» **TASK**:
Your answer must be only the lines below from the one containing "Signature Select Red Enchilada Sauce" through the one containing "Krēmkrāsas kāju soliņš", copied exactly, with the pictures left out.

» **RECORDS**:
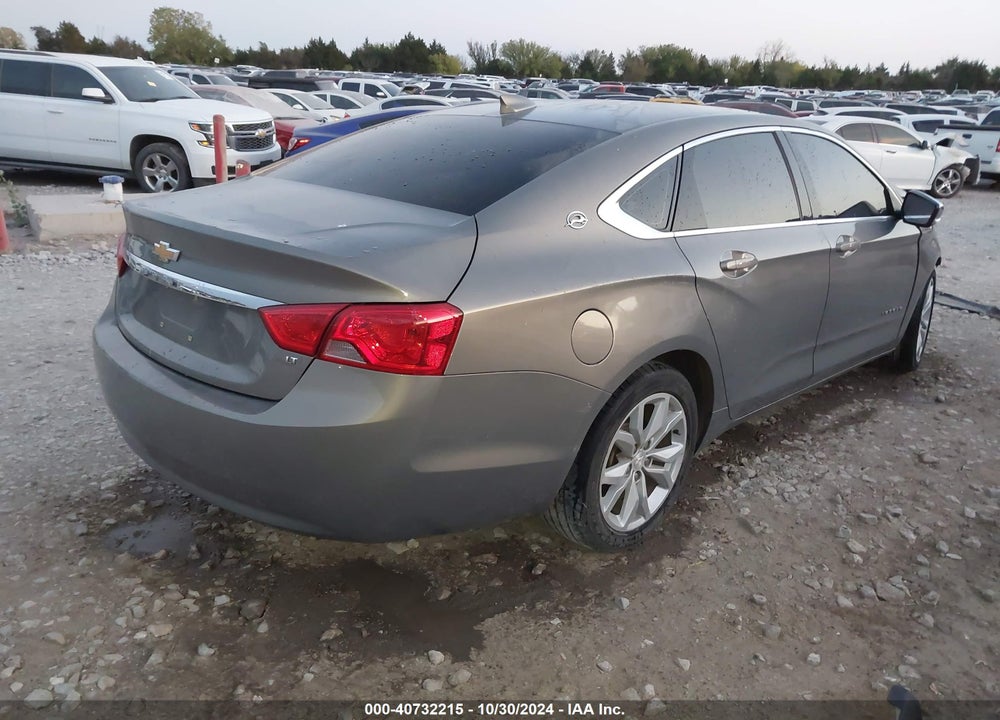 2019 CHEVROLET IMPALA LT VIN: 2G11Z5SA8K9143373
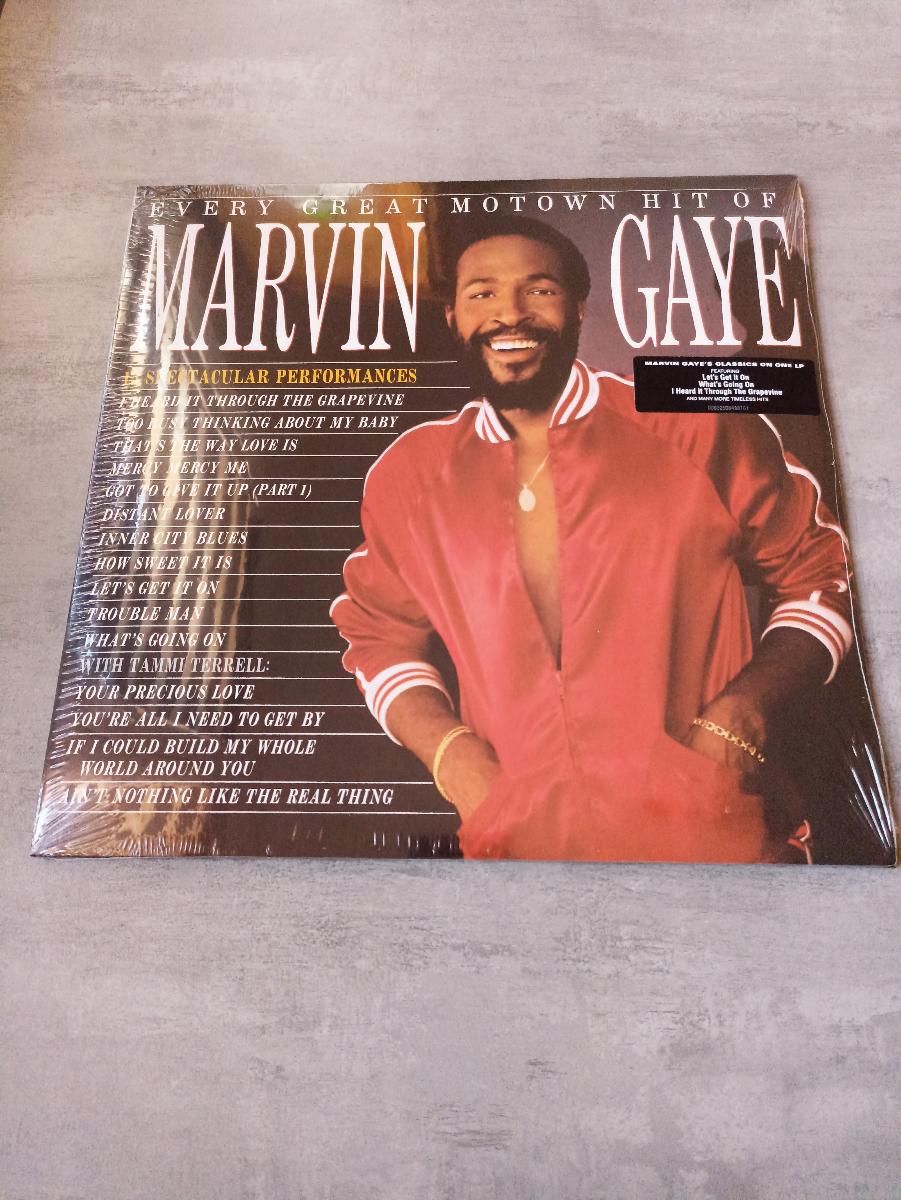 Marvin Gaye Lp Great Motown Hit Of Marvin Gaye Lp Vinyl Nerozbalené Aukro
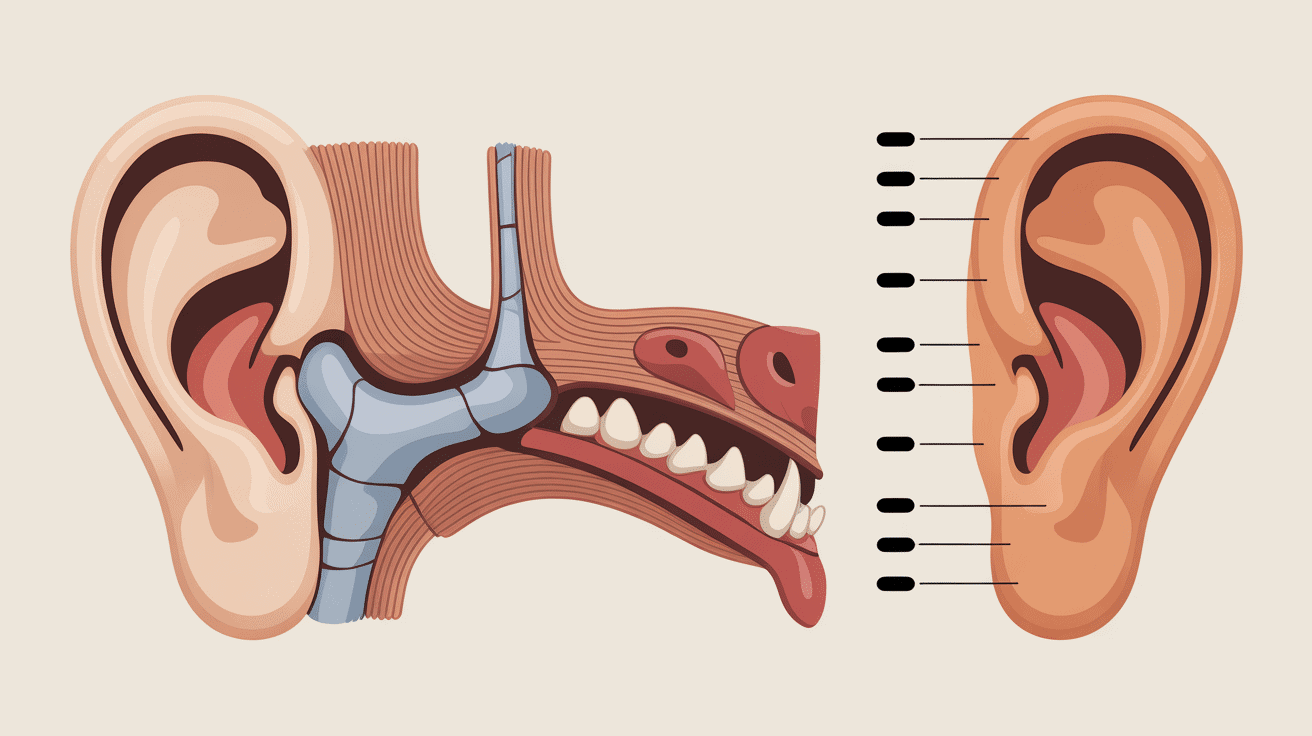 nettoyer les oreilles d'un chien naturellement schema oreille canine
...
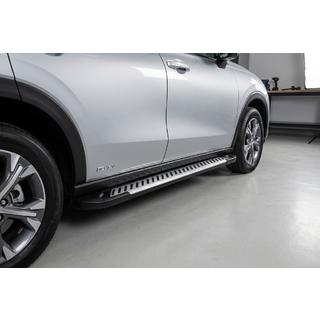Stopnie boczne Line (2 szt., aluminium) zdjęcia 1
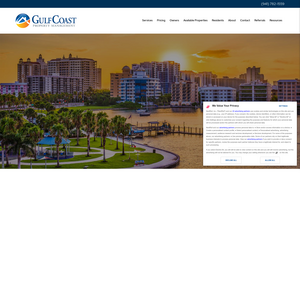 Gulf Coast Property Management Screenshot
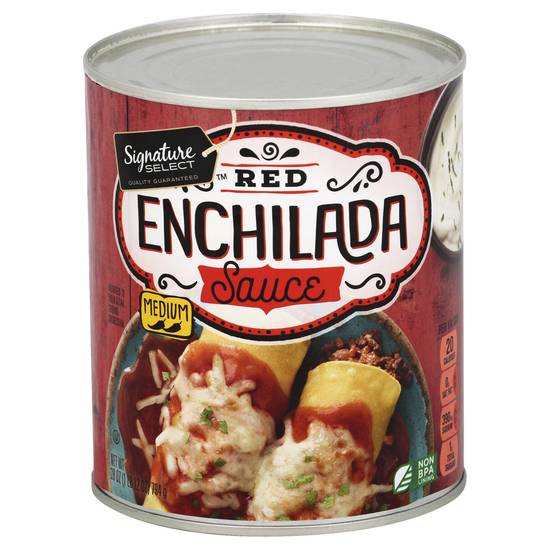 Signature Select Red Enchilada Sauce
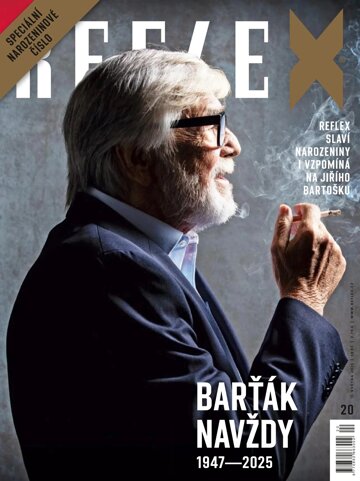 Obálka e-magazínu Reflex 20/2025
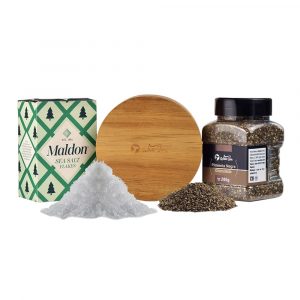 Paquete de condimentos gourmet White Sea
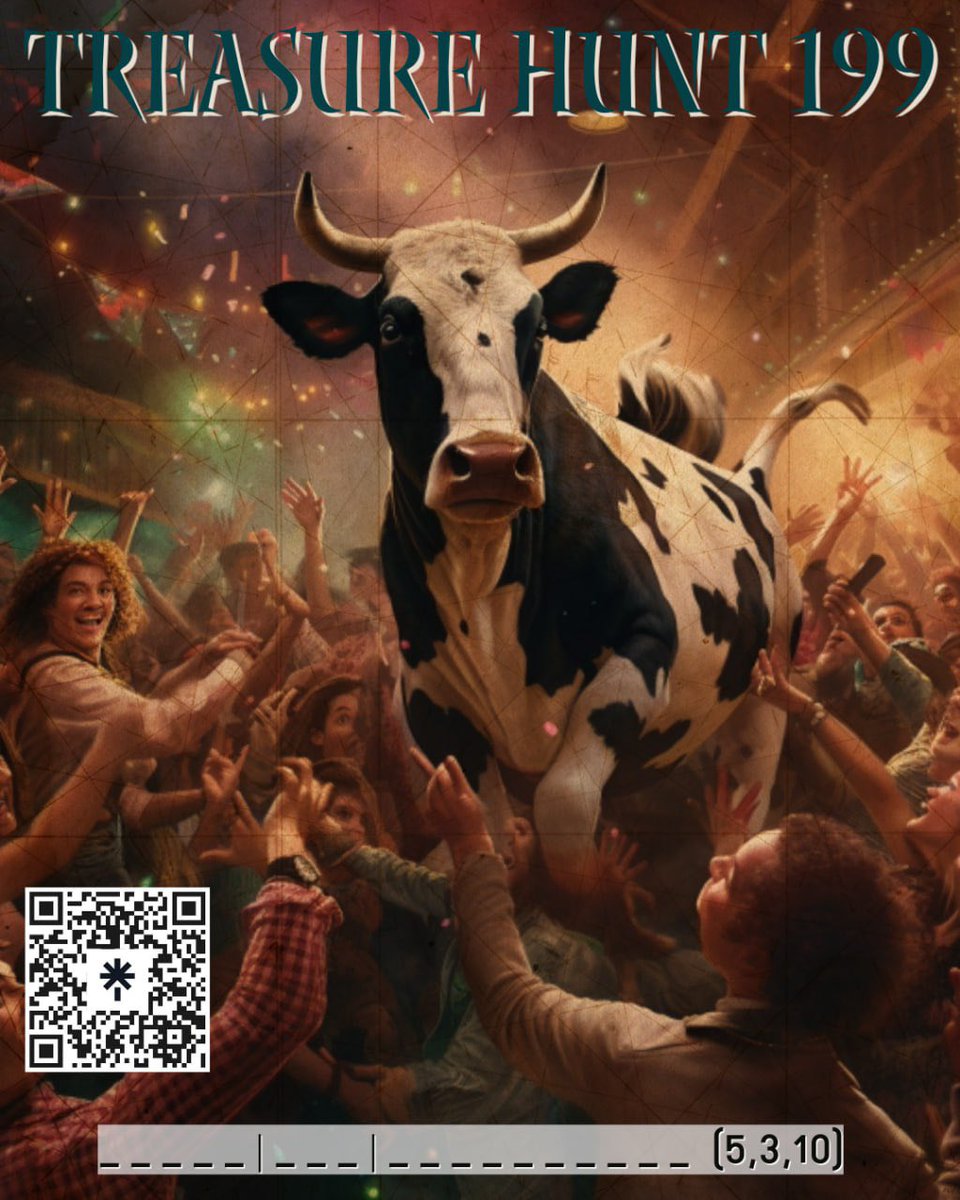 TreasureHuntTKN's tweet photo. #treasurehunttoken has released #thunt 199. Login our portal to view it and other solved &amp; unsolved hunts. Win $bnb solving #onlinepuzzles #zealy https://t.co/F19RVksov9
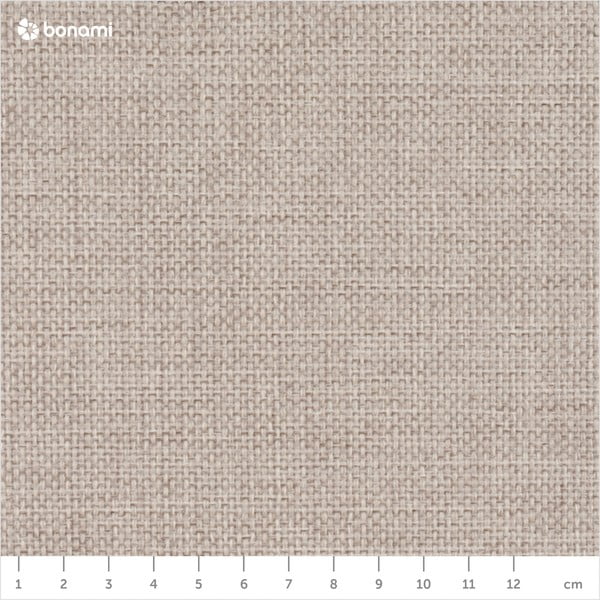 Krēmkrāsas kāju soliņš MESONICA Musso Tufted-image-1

» **THE ANSWER**:
 Signature Select Red Enchilada Sauce
 Obálka e-magazínu Reflex 20/2025
 Paquete de condimentos gourmet White Sea
 TreasureHuntTKN's tweet photo. #treasurehunttoken has released #thunt 199. Login our portal to view it and other solved &amp; unsolved hunts. Win $bnb solving #onlinepuzzles #zealy https://t.co/F19RVksov9
 Krēmkrāsas kāju soliņš MESONICA Musso Tufted-image-1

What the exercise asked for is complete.